No, naturalmente que no. Planteo la cuestión porque JZB parece querer llevarnos a esta conclusión. Dice, por ejemplo, que lo razonable es creer que una teoría suficientemente verificada es verdadera, y que la duda sobre la posibilidad de que sus predicciones sean correctas pero la teoría no sea verdadera sería como pensar que acierta por casualidad, y esta duda pertenece el mismo género que la duda cartesiana: el escepticismo radical, tan irrefutable como inútil. Si todas mis percepciones fueran consecuencia de unas causas diferentes a las que a mí me parece entender, ya que las provoca un genio maligno, o porque en realidad soy un cerebro en una cubeta y se hacen llegar a mi cerebro las señales adecuadas, o por cualquier otra situación fantástica de las muchas que se han propuesto, y si estas percepciones están diseñadas para hacerme pensar que las causas son las que yo creo que son, y si el diseño es coherente y sin fallos, ¿cómo podría saberlo?
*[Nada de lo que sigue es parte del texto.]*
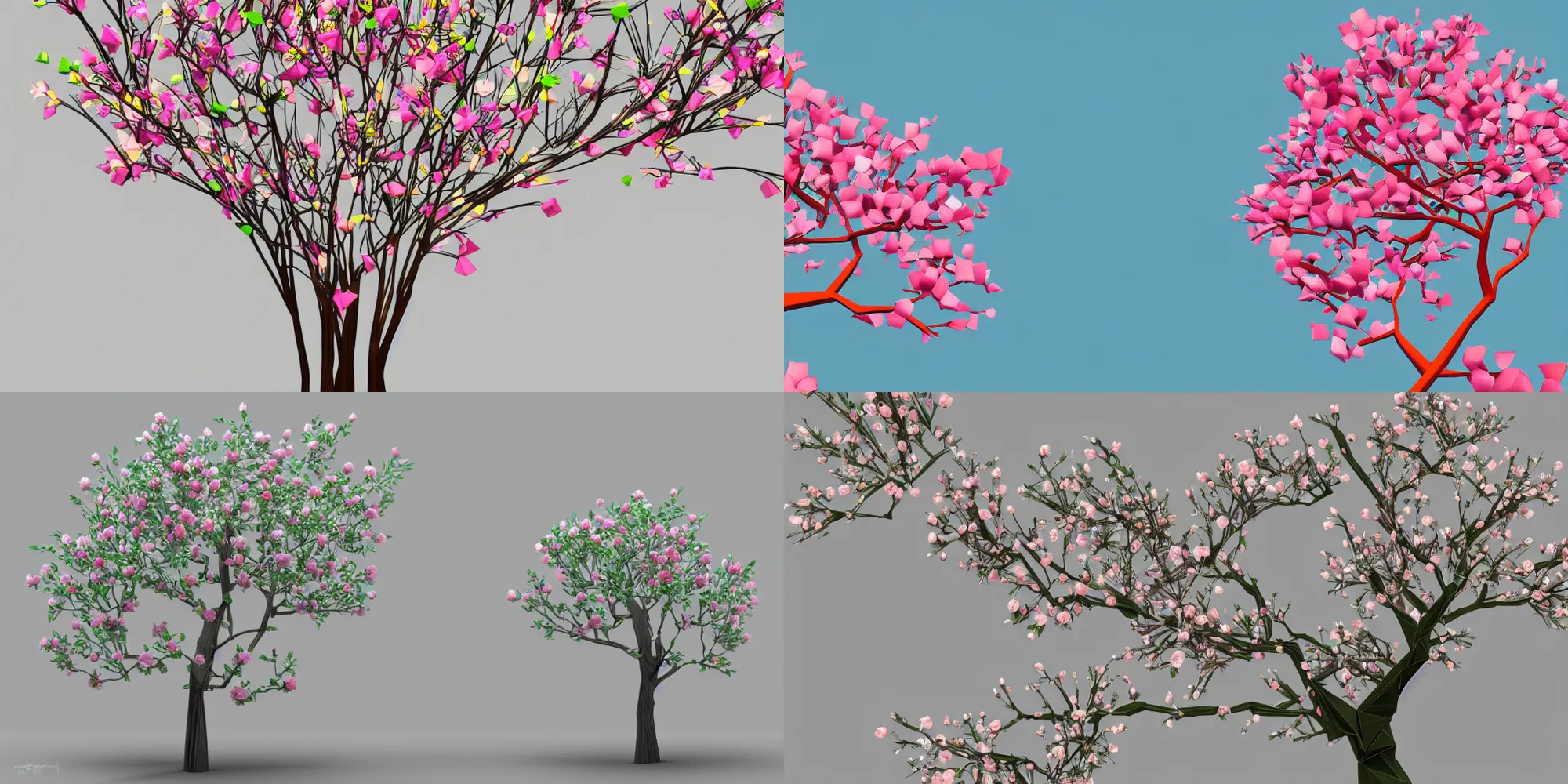 Prompt: origami spring tree starting to bloom, intricate details, maximalism. Origami Studio 3 design, Toon Boom render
La idea es fértil para la ficción, pero inútil para el conocimiento. No hay manera de descartar que nuestra situación real sea esta, pero tampoco hay manera de demostrarlo. Por tanto, lo más razonable es ignorar esa posibilidad y seguir considerando que nuestra situación real es la que parece ser.

Sin embargo, entre el escepticismo radical y el realismo hay muchas posibilidades intermedias y, sobre todo, hay argumentos que pueden ser analizados y valorados. En consecuencia, la identificación del antirrealismo con el escepticismo radical no es inevitable. Con relación al genio maligno omnipotente, o al malvado científico omnisciente que mantiene a nuestro cerebro engañado en su cubeta, no podemos hacer nada, puesto que no hay manera ni siquiera de atisbar su existencia. En relación con el realismo científico, en cambio, sí que podemos hacer algo, puesto que la duda que se nos plantea con respecto a él no es cartesiana sino razonable. Vendría a ser como si el genio maligno o el científico malvado no fueran tan astutos como creen y hubieran dejado alguna rendija por la que podemos vislumbrar los engranajes con los que producen su engaño. Nuestra situación sería más bien como la de “El show de Truman” o la de “Matrix”: podemos darnos cuenta del engaño e intentar escapar de él.
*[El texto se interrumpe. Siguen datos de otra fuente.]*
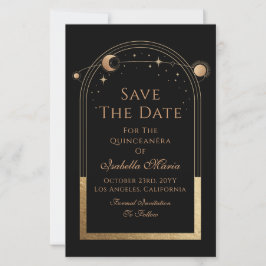 Celestial Black Save the Date Birthday Quinceanera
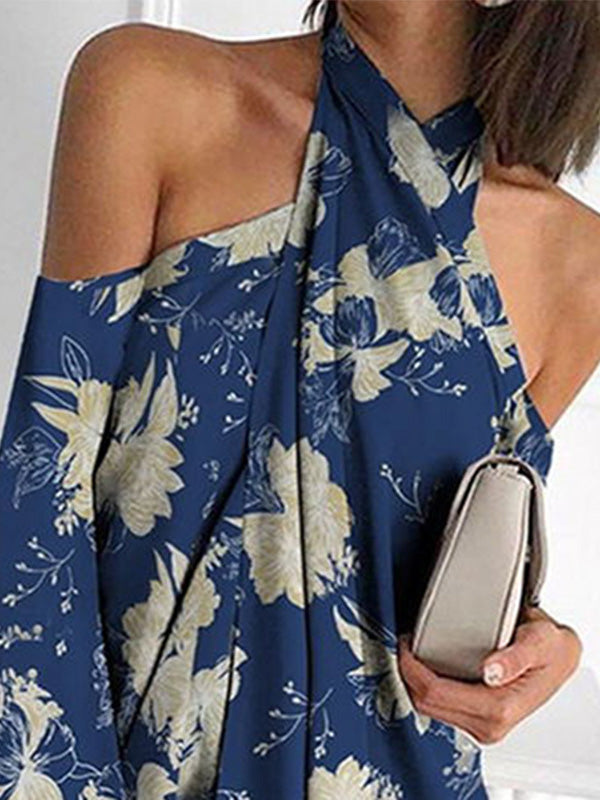 Women's Dresses Printed Halter Off-Shoulder Irregular Dress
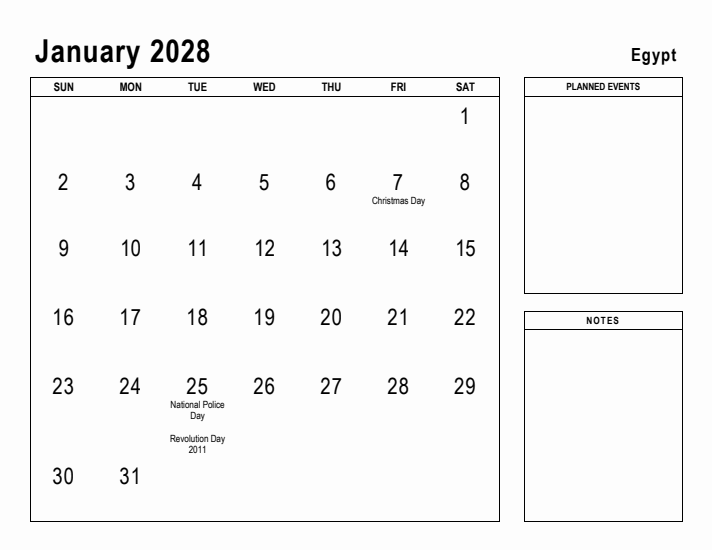 January 2028 Printable Monthly Calendar with Egypt Holidays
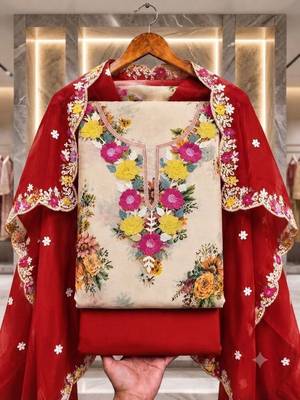 Embellished Unstitched Dress Material 1
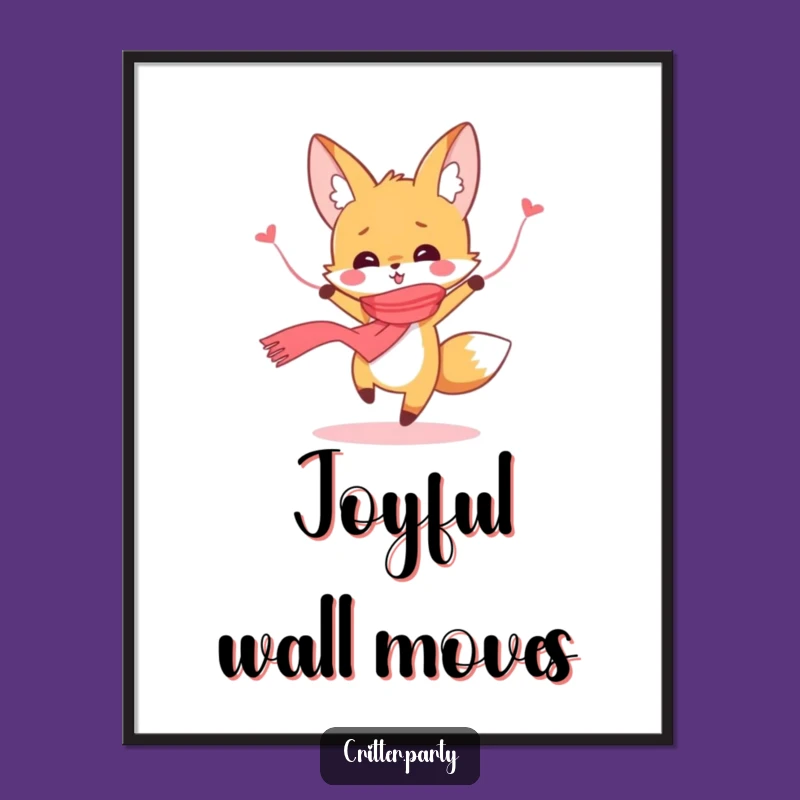 Funny Dancing Fox Digital Art: Cute Streamer Scarf Print, an Instant Funny Gift for Walls!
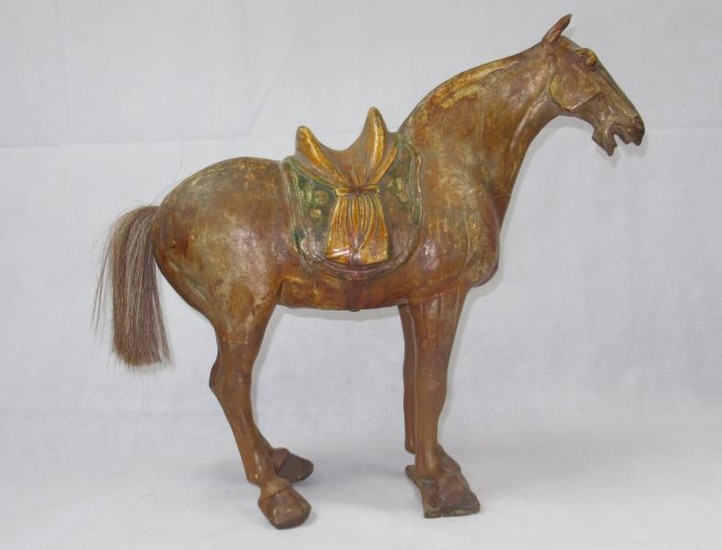 Large Chinese earthenware horse with painted colouring & hair...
Ya he explicado que el engaño se produce de forma natural, puesto que estamos programados para creer que lo que percibimos es real. Y no hay problema en mantener ese principio; lo que sucede es que hay muchos objetos teóricos a los que no se les puede aplicar. He explicado también el sentido en el que puede decirse que una teoría es verdadera: explica satisfactoriamente la evidencia empírica que debe explicar, pero esto no comporta que sean reales los objetos teóricos que incluye a no ser que sean perceptibles intersubjetivamente (y entonces serán reales por esta razón, no por su papel en la teoría). Por tanto, si puede decirse que hay aquí un cierto escepticismo, hay que decir también que está muy acotado: solo por lo que hace a la realidad de los objetos teóricos no perceptibles. Pero, igual que el loco que se cree cuerdo y le parece que todos los demás han perdido el juicio, el instrumentalista puede considerar que su postura es la más razonable teniendo en cuenta todo lo que hay que tener en cuenta, y que, por el contrario, el realismo es una forma de delirio, como un espejismo que ve agua brotando en medio del desierto, puesto que ve cosas donde ya no tiene derecho a verlas.
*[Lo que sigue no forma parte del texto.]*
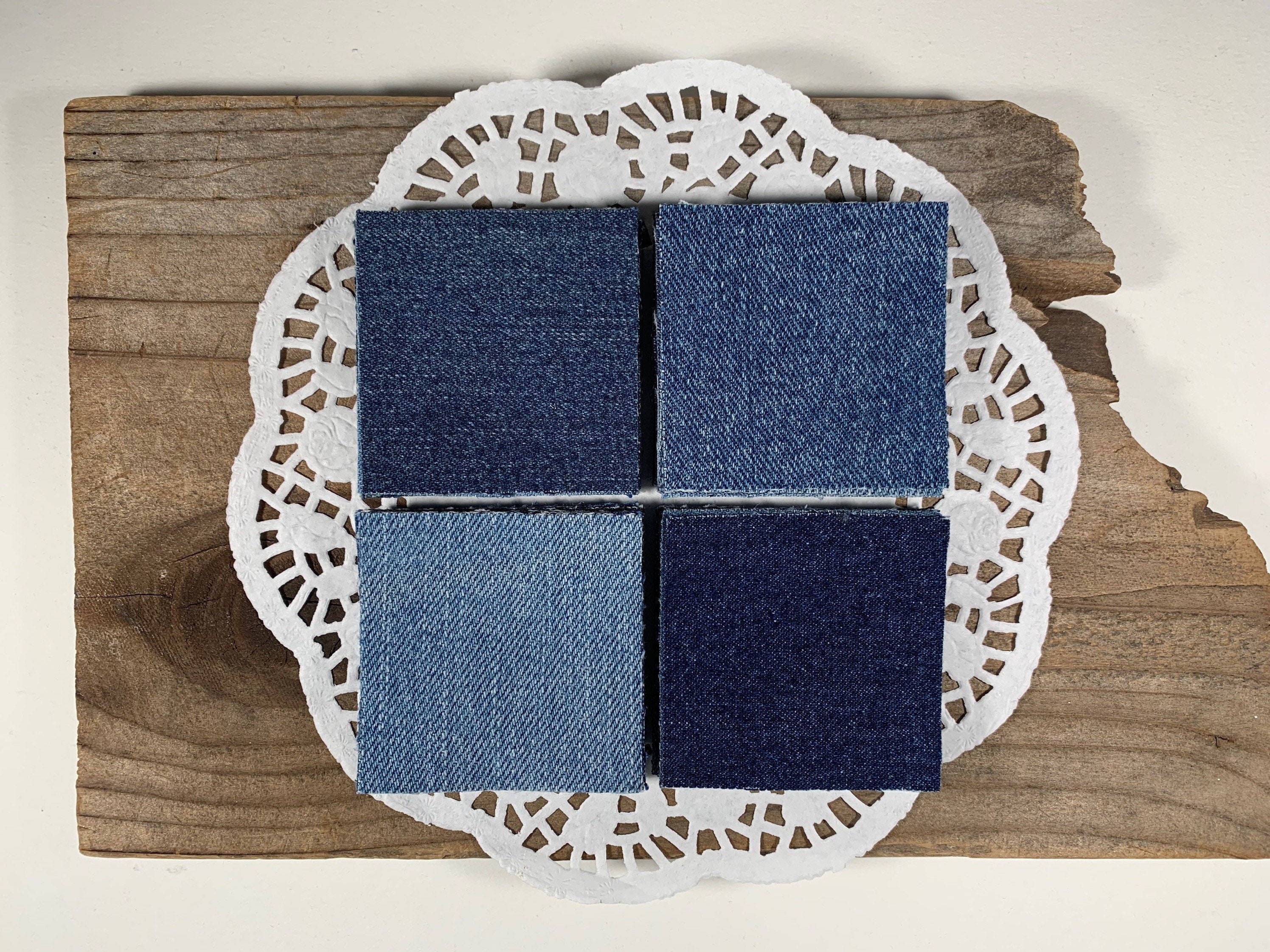 25 Denim Fabric Quilt Squares Medium Weight NEW Multiple Colors 5" - 8 1/2" 25 Denim Fabric Quilt Squares Medium Weight NEW Multiple Colors 5" - 8 1/2"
La extrañeza ante el hecho de que las teorías verificadas expliquen correctamente lo que deben explicar a pesar de que contengan objetos teóricos que no corresponden a nada real, se amortigua si uno piensa en las matemáticas. Como he dicho antes, los números reales incluyen los irracionales, pero además están los imaginarios, y aquí el nombre no dejan lugar a dudas: son irreales. Alguien puede obstinarse en defender que los números son reales (metafísicamente) en algún sentido, pero nadie puede defender que la raíz cuadrada de -1 exista en algún sentido. Y los números imaginarios se utilizan todos los días sin ningún problema en multitud de cálculos. O si uno piensa en la geometría: hay disponibles diversas geometrías, todos ellas consistentes y diferentes entre sí: euclidiana, elíptica, hiperbólica, y la ciencia utiliza una u otra según convenga, como quien elige el taco más adecuado para fijar un determinado tornillo.

Fuera del realismo, ¿solo hay relativismo?

No, y si planteo esta cuestión es solo porque alguien podría pensar algo así como que mi afirmación de que la cosmología de Sancho y la del príncipe son ambas verdaderas en sus respectivos contextos le autoriza a él a defender una cosmología terraplanista. Una teoría puede considerarse (provisionalmente) válida si explica satisfactoriamente toda la evidencia disponible en el ámbito a que se refiere. La cosmología de Sancho lo hace, pero acotada a un ámbito muy restringido. El terraplanismo podía aceptarse como hipótesis probable mientras no se disponía de más evidencia que aquella de la que disponía Sancho, pero cuando se dispone de una evidencia mayor, no hay duda de que esa evidencia queda perfectamente explicada mediante el modelo del sistema solar, mientras que no queda bien explicada mediante el modelo terraplanista. Es decir, el terraplanista podría serlo mientras no quiera mirar más allá de lo que ve a simple vista, pero entonces su teoría se referiría solo a ese trozo de tierra que ve (y aun así sería discutible). Si pretende que su teoría se refiera a toda la tierra, incluyendo América, Australia o la Antártida, su teoría es falsa, puesto que puede refutarse fácilmente mediante la observación.

En definitiva: el encaje con la evidencia empírica hace (puede llegar a hacer) a las teoría ciertas o falsas, y eso es independiente de que sus conceptos teóricos correspondan a la realidad o no. Y si, a pesar de todo, alguien me acusa de relativista por defender simultáneamente la verdad de teorías incompatibles, aunque sea a diferentes niveles, le responderé que soy relativista en el mismo sentido en que lo es él cuando, pese a tener una mínima cultura científica, habla en su vida cotidiana de salidas y puestas de sol o calcula velocidades o trayectorias utilizando las fórmulas de la mecánica clásica en vez de las relativistas.